### [DATA EXCERPT]
* * * * *

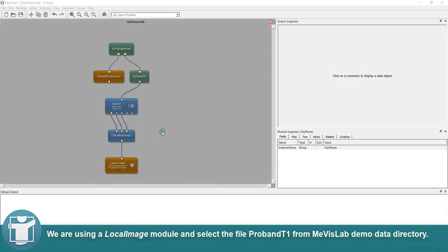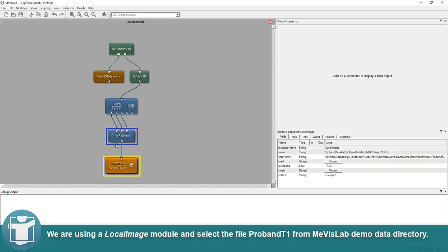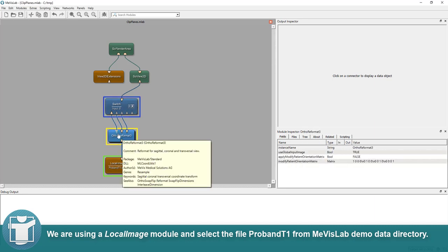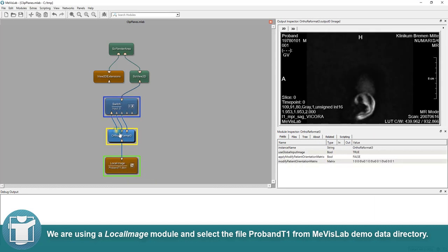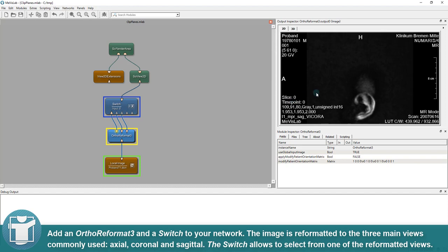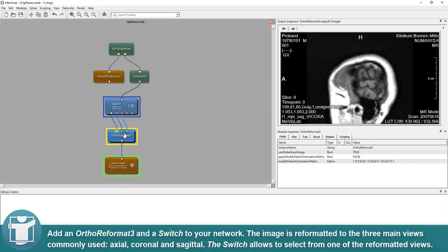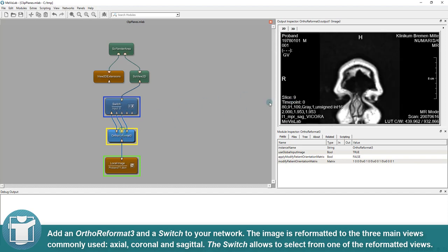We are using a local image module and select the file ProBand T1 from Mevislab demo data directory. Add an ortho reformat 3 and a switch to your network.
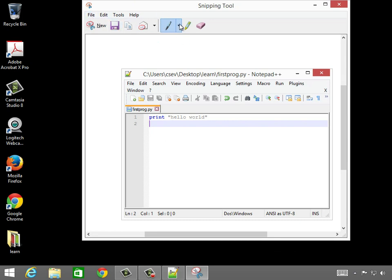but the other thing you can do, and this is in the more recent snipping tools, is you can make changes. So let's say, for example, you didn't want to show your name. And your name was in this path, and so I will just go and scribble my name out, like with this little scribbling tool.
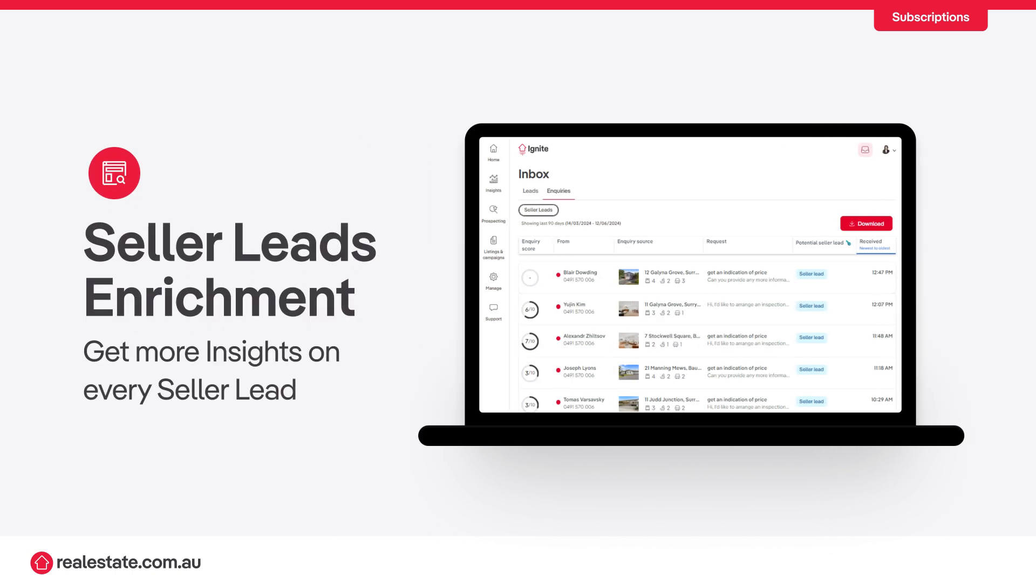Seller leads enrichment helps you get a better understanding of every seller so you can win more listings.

* * * * *

### [THE TASK]
Line by line, reproduce exactly the lines from the one containing "but the other" through the final line of the material, both included, leaving every picture out.

### [ANSWER TO THE EXERCISE]
but the other thing you can do, and this is in the more recent snipping tools, is you can make changes. So let's say, for example, you didn't want to show your name. And your name was in this path, and so I will just go and scribble my name out, like with this little scribbling tool.
Seller leads enrichment helps you get a better understanding of every seller so you can win more listings.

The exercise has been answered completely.